# Ronnie James Dio



## Jade Tigress (May 17, 2010)

> Ronnie James Dio, whose soaring vocals, poetic lyrics and mythic tales  of a never-ending struggle between good and evil broke new ground in  heavy metal, died Sunday, according to a statement from his wife and  manager. He was 67.


----------



## Xue Sheng (May 17, 2010)

Rip


----------



## SensibleManiac (May 17, 2010)

RIP, His music will live on...


----------



## Nomad (May 17, 2010)

RIP.  Just put on his latest album, Heaven and Hell, in tribute.


----------



## Andy Moynihan (May 17, 2010)

I've had Rainbow in the Dark stuck in my head all day.


----------



## OnlyAnEgg (May 17, 2010)

:asian:


----------



## JBrainard (May 28, 2010)

Rip


----------



## knuckleheader (May 28, 2010)

I just played Since you've been gone on youtube and read his bio on wikipedia. Great voice, gonna research the Black Sabbath material later this weekend.
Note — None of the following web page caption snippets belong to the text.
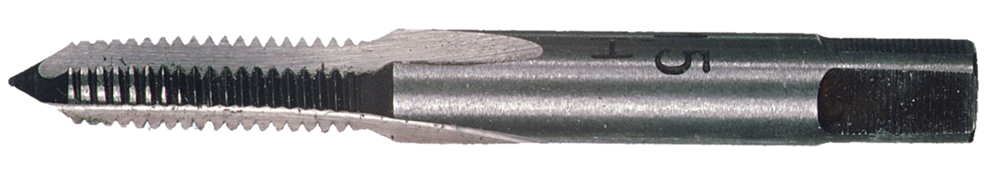 Connex Handtap Hss M3 - COXT673325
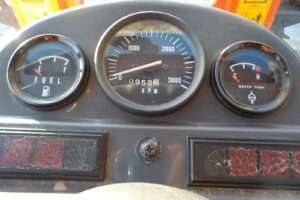 サムネイル: 平成25年式　クボタ　ホイールローダー　R430Z　★0.4立米★バケット幅158㎝★使用時間約960HR★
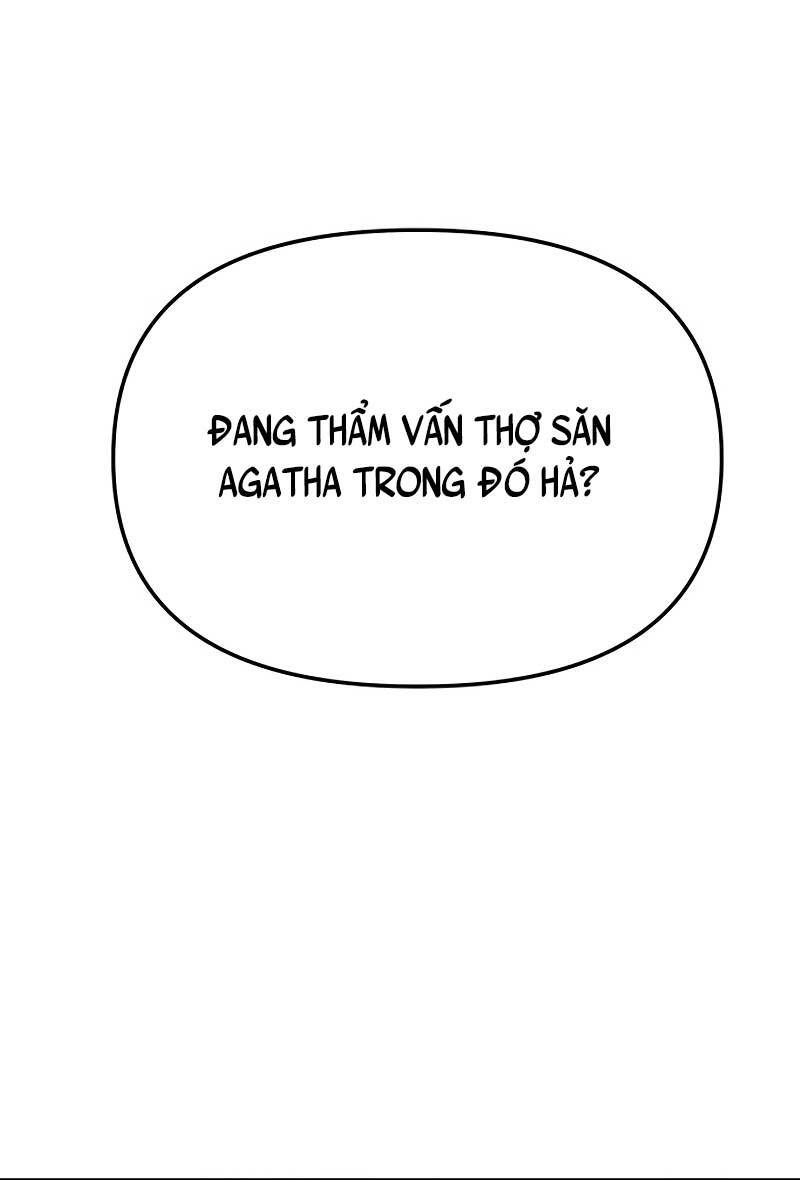 Ta Từng Là Tháp Vương - Chapter 70 - Page 89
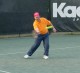 Thumbs/tn_DSC06570.jpg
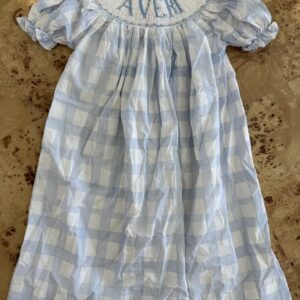 Averi | 4T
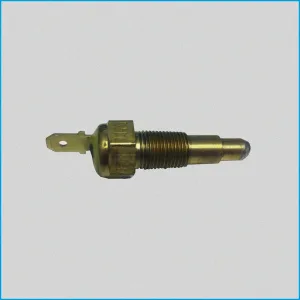 TERMISTORE - KUBOTA - K162228304 - KUBOTA Z402 - AIXAM - R.DOC NON ORIGINALE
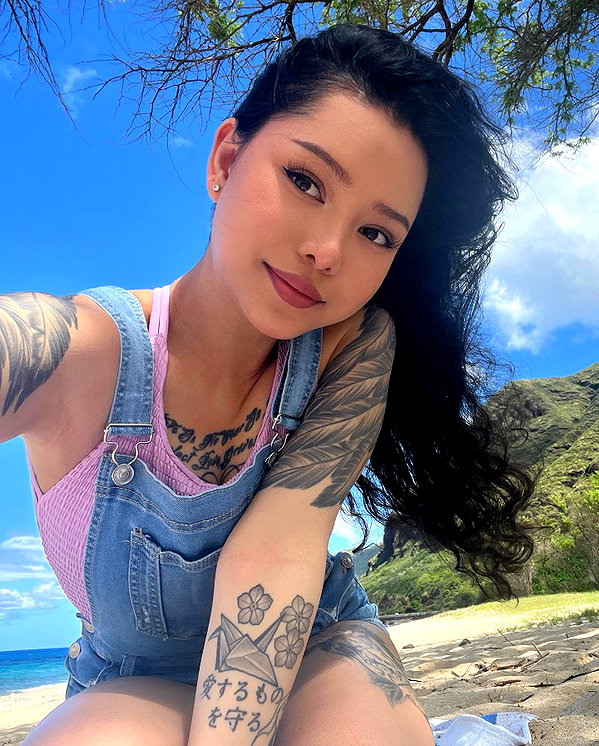 bellapoarch instagram image archive image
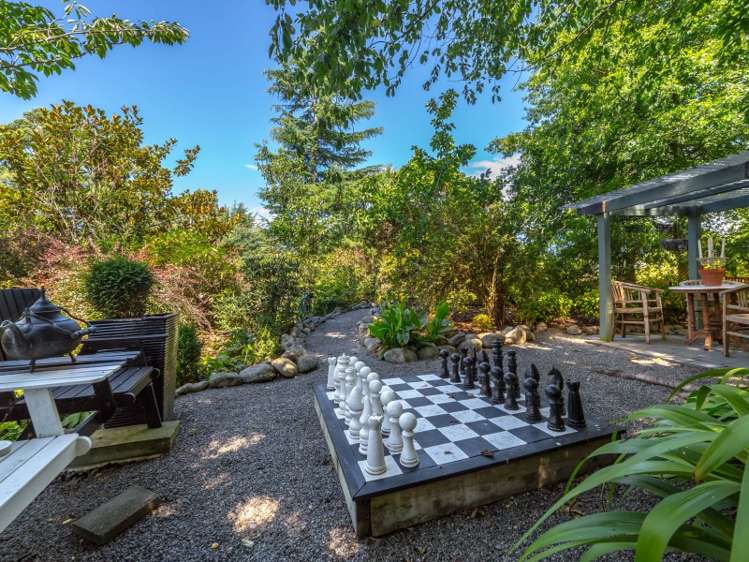 116 Willow Park Drive Opaki_19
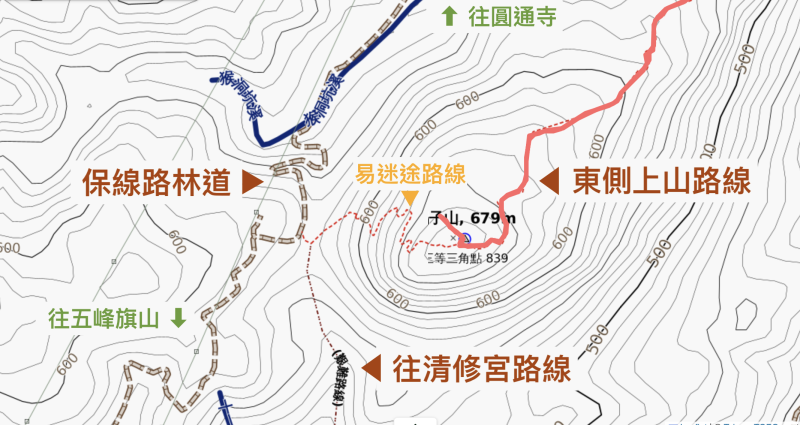 a201661ac88deb6452063b1fffded420.png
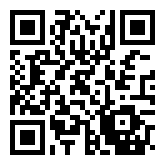 http://www.wlinfor.com/post/86214.html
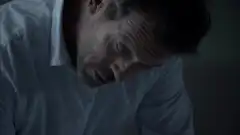 Доктор Хаус 5 сезон 20 серия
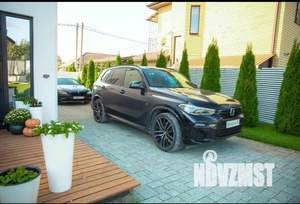 Дом 180м&sup2;, 2-этажный, участок 7 сот.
You gotta live everyday, tomorrow isn't promised.

RIP Ronnie


----------



## seasoned (May 28, 2010)

.


----------



## Bob Hubbard (Sep 13, 2010)

.


----------



## Omar B (Sep 13, 2010)

I cried when I heard he died.  I'm just glad I was able to see him a buttload of times before he passed.  Nice guy, class act, great singer.


----------



## Fiendlover (Sep 13, 2010)

That was so sad.  He was playing at the first concert I've ever attended.  Metal for the Masses 2008.  The line-up was Testament, Motorhead, Heaven and Hell, and Judas Priest.  I will never forget that concert and how well he did.  Rip.


----------



## MA-Caver (Sep 13, 2010)

.


----------



## terryl965 (Sep 13, 2010)

.


----------